Children this age are very curious about bodies – their own and other people’s. They’re trying on roles and behaviour, and might be mimicking adults as they play doctor or marriage. This combination of natural curiosity and role-playing sometimes leads to childhood sex play. It might lead to touching, and children discover that this type of touching feels good. Overall, this type of play is expected and harmless.
Handling the situation with understanding and tact
So what do you do if you walk in on your child when he’s engaged in this type of behaviour with another boy or girl?
First, take a deep breath and stop looking through adult eyes – your child isn’t having sex with the four-year-old next door! Most likely he’s just curious about how their bodies are different, and vice versa.
Second, let your values guide you to an appropriate, calm response. Some parents choose to ignore this type of play and simply close the door, knowing it will pass. Others are uncomfortable having this type of play in their home. They might calmly ask the children to stop, get dressed and play in the living room or family room, rather than a room with a closed door.
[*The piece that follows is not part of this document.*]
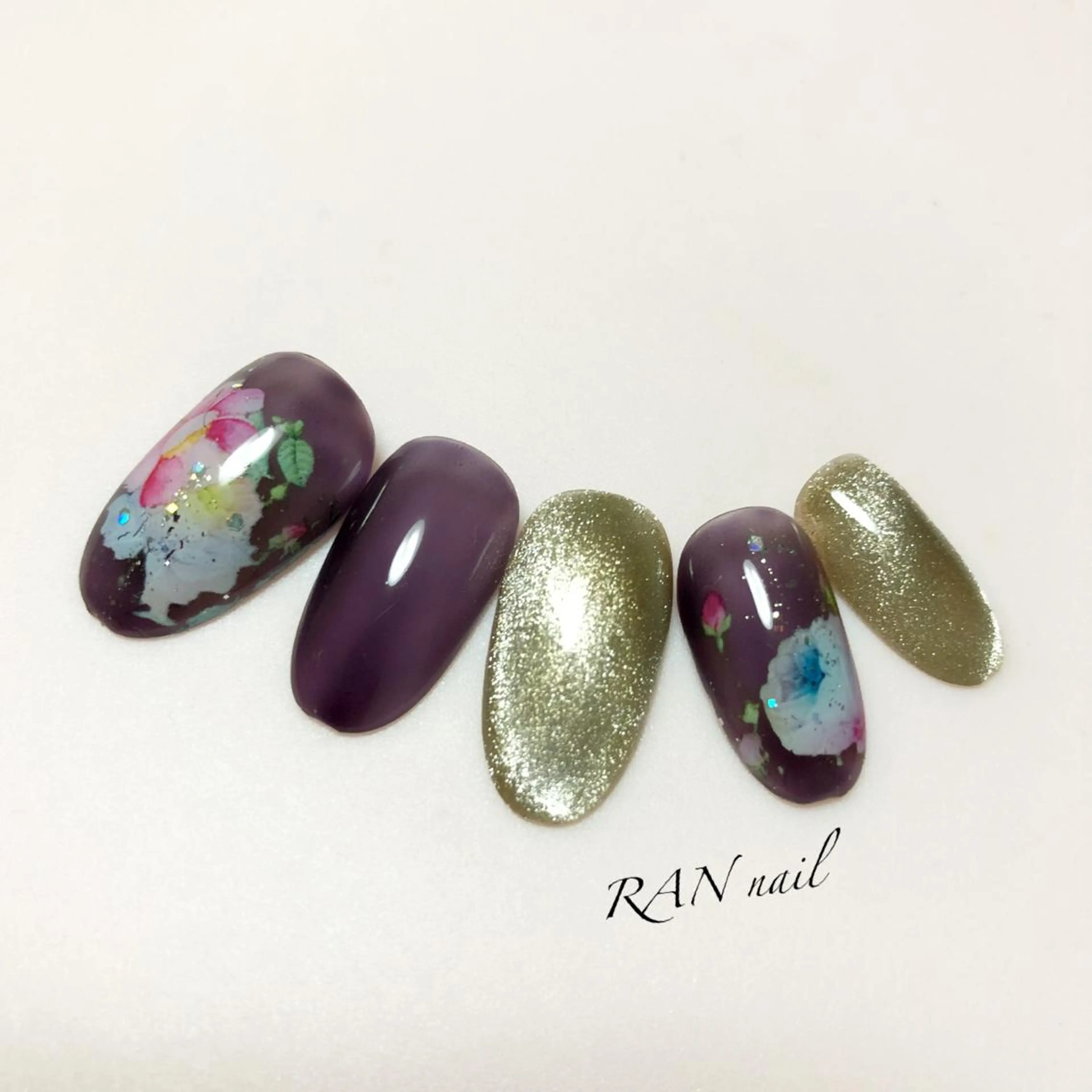 ネイル 成人式 フラワーネイル フットネイル オフィスネイル ハンドネイル フットネイル RAN nail 〜ランネイル〜所属・RAN nailのネイルデザイン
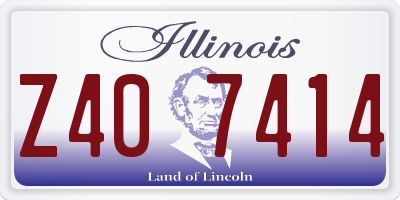 IL license plate Z407414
An opportunity for an important lesson
Afterwards, when you’re alone with your child, you can use your discovery as a teaching opportunity. You can say, ‘I know you’re curious about bodies. But there are other ways to learn besides looking at other kids – I have a book we can look at together’. If you don’t happen to have the perfect book on hand, take a trip together to the library, and ask the librarian to help you find one.
You can also use this as a chance to share your values with your child. For example, ‘Your body belongs only to you, and your friend’s body belongs only to her. We think it’s better for children to play with their clothes on’.
Screaming or overreacting when you come across your child taking part in sex play might cause her to feel shame or guilt about her sexual curiosity. Try to keep calm and remember that this is normal behaviour.
There’s a big difference between this type of harmless sexual play and play that is exploitative or abusive. Children don’t naturally engage in painful sexual behaviour, oral-genital contact, simulated or real intercourse, or penetration with fingers or other objects. Nor do most children engage in healthy sexual play with a child who is more than a few years older or younger than they are. These types of activities could come from exposure to inappropriate adult entertainment, or could signal that a child has been sexually abused.
If your child is engaging in any of these types of behaviour, it’s a good idea to talk with your GP, a paediatrician or another qualified health professional.